◆ **Available data**:
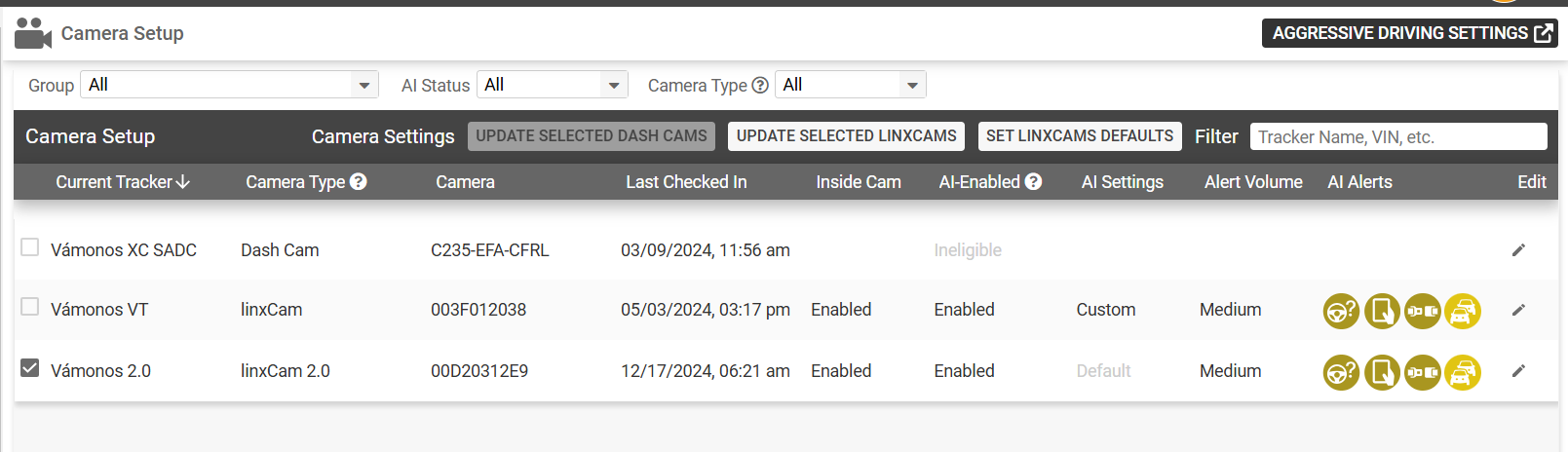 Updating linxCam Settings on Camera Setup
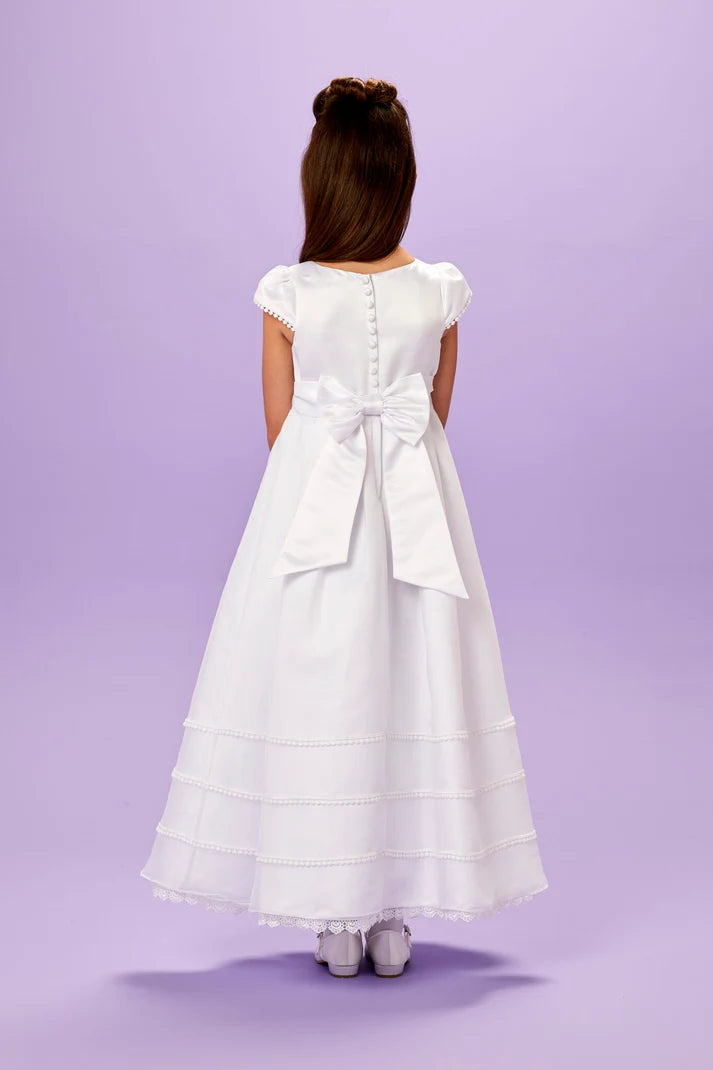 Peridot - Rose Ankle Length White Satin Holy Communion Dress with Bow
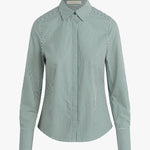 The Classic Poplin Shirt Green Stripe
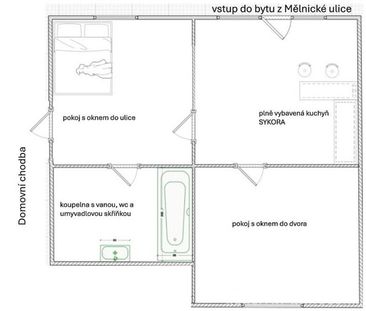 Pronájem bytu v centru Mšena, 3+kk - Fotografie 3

...

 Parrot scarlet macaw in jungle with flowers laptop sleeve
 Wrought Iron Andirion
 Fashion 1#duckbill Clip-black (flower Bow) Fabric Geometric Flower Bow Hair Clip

◆ **Work item**:
From the line with "Updating linxCam Settings on Camera Setup" up to and including the line with "Pronájem bytu v" above, retype every line exactly and nothing more; leave out the pictures.

◆ **Answer for the task**:
 Updating linxCam Settings on Camera Setup
 Peridot - Rose Ankle Length White Satin Holy Communion Dress with Bow
 The Classic Poplin Shirt Green Stripe
 Pronájem bytu v centru Mšena, 3+kk - Fotografie 3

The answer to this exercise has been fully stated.